Texto que viabiliza a reforma administrativa é aprovado pela CCJ

O texto que viabiliza a reforma administrativa foi aprovado pela Comissão de Constituição e Justiça (CCJ) da Câmara nesta terça-feira, 25, depois de mais de três meses de debates. A proposta de admissibilidade foi chancelada por 39 deputados, enquanto 26 se posicionaram contrários. Os parlamentares aprovaram o parecer com as mudanças propostas pelo relator, deputado Darci de Matos (PSD-SC), que alterou três trechos da PEC 32 encaminhada pelo governo federal em setembro de 2020. O texto será levado a uma comissão especial formada por deputados e senadores. O grupo tem o prazo de 40 sessões para alterar a proposta antes de encaminhar o texto para a votação no Plenário. A presidente da CCJ, deputada Bia Kicis (PSL-DF), afirmou que o texto “tem imperfeições”, mas que deverá ser melhorado na comissão especial. “Faço um reconhecimento aos servidores públicos, mas reconheço a necessidade de modernizarmos o sistema”, afirmou.

As discussões da CCJ iniciaram nesta segunda-feira, 24, e foram retomadas na manhã de hoje.

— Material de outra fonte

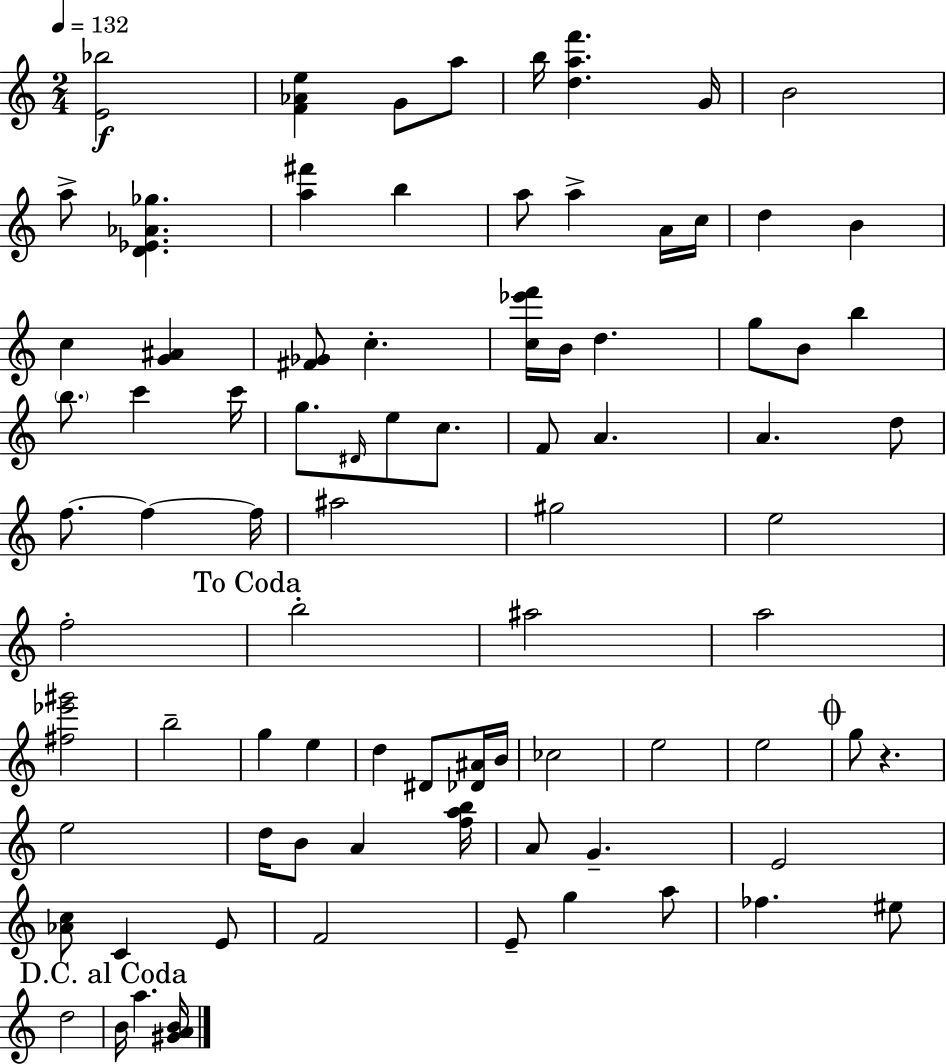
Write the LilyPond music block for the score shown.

{
  \clef treble
  \numericTimeSignature
  \time 2/4
  \key c \major
  \tempo 4 = 132
  \repeat volta 2 { <e' bes''>2\f | <f' aes' e''>4 g'8 a''8 | b''16 <d'' a'' f'''>4. g'16 | b'2 | \break a''8-> <d' ees' aes' ges''>4. | <a'' fis'''>4 b''4 | a''8 a''4-> a'16 c''16 | d''4 b'4 | \break c''4 <g' ais'>4 | <fis' ges'>8 c''4.-. | <c'' ees''' f'''>16 b'16 d''4. | g''8 b'8 b''4 | \break \parenthesize b''8. c'''4 c'''16 | g''8. \grace { dis'16 } e''8 c''8. | f'8 a'4. | a'4. d''8 | \break f''8.~~ f''4~~ | f''16 ais''2 | gis''2 | e''2 | \break f''2-. | \mark "To Coda" b''2-. | ais''2 | a''2 | \break <fis'' ees''' gis'''>2 | b''2-- | g''4 e''4 | d''4 dis'8 <des' ais'>16 | \break b'16 ces''2 | e''2 | e''2 | \mark \markup { \musicglyph "scripts.coda" } g''8 r4. | \break e''2 | d''16 b'8 a'4 | <f'' a'' b''>16 a'8 g'4.-- | e'2 | \break <aes' c''>8 c'4 e'8 | f'2 | e'8-- g''4 a''8 | fes''4. eis''8 | \break d''2 | \mark "D.C. al Coda" b'16 a''4. | <gis' a' b'>16 } \bar "|."
}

Deputados da oposição chegaram a protocolar um requerimento para a retirada da pauta, mas não alcançaram votos suficientes. O parecer do relator foi apresentado na semana passada com o pedido de exclusão de dois trechos, e sofreu uma nova alteração na leitura de ontem. O deputado pediu para que fosse suprimido da PEC 32 o trecho que proíbe servidores de cargos típicos de Estado exercer outras atividades remuneradas. O relator também recomendou pela retirada da parte que concede poderes ao presidente da República de extinguir autarquias e fundações. Nesta segunda-feira, Matos acrescentou a supressão dos novos princípios de administração pública previstos pelo governo, como “imparcialidade”, “transparência, inovação, responsabilidade, unidade, coordenação, boa governança pública” e “subsidiariedade”. Segundo o relator, a inclusão destes termos traria insegurança jurídica à pauta.

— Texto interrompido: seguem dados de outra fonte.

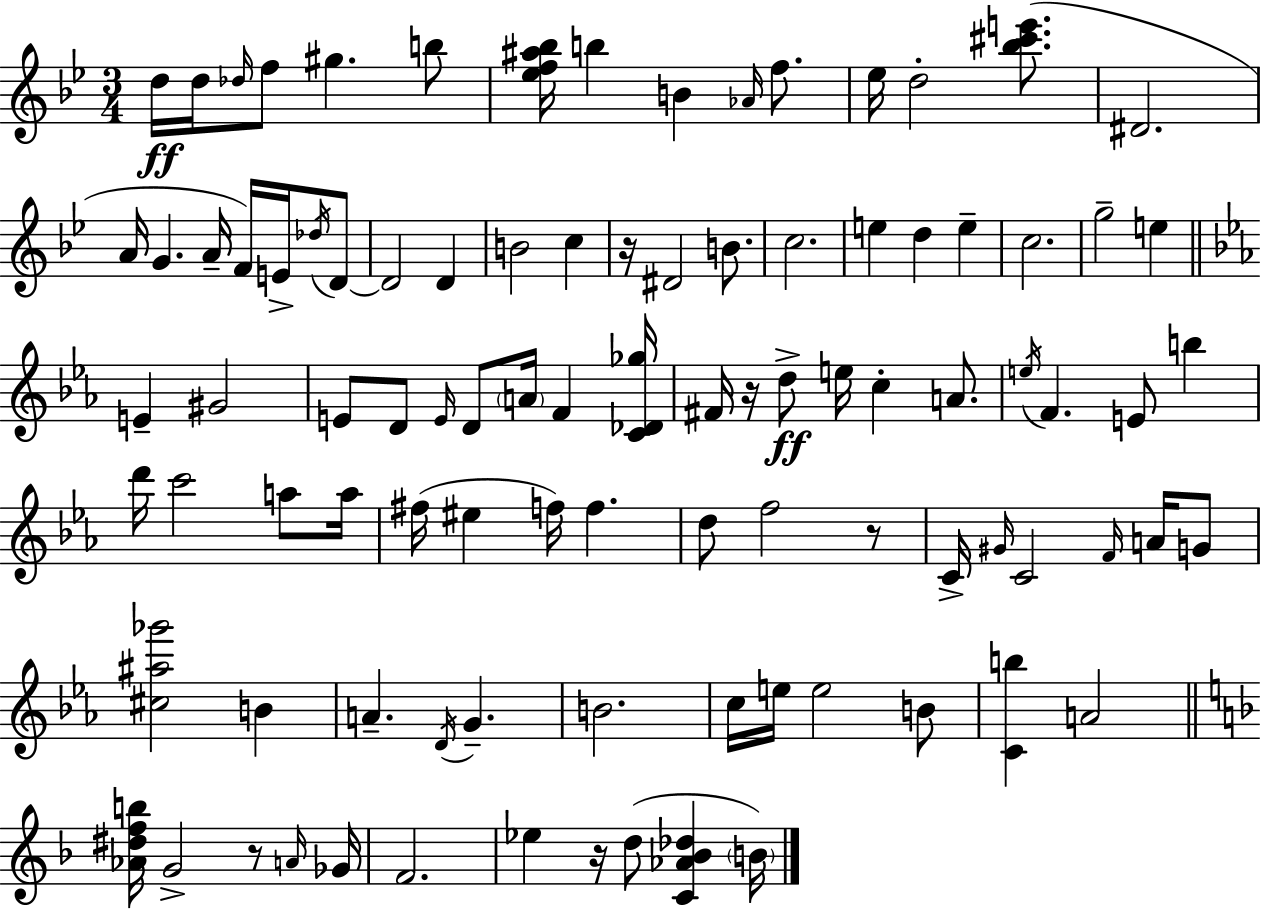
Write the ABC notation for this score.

A PEC 32 foi entregue pelo Ministério da Economia em setembro do ano passado e é peça fundamental da agenda de reformas defendida pelo chefe da pasta, Paulo Guedes. O texto prevê mudanças de vínculos na contratação do funcionalismo público, com impactos na estabilidade dos servidores, além de estabelecer novas normas de progressão de carreira, promoções e definições de cargos públicos. Os termos, no entanto, só deverão ser aplicados aos futuros servidores e não terão efeito aos que já atuam na máquina pública. Em audiência na CCJ no início do mês, Guedes defendeu que os salários do serviço público sejam equivalentes ao da iniciativa privada e que os servidores passem por avaliações de desempenho antes da progressão de carreira. O presidente da Câmara, Arthur Lira (PP-AL) também reiterou nesta terça-feira que as mudanças não atingirão os atuais servidores e afirmou que a mudança trará modernização no atendimento público. “Se todos nós tivéssemos feito há 20 anos, hoje já estaríamos estabilizados”, afirmou.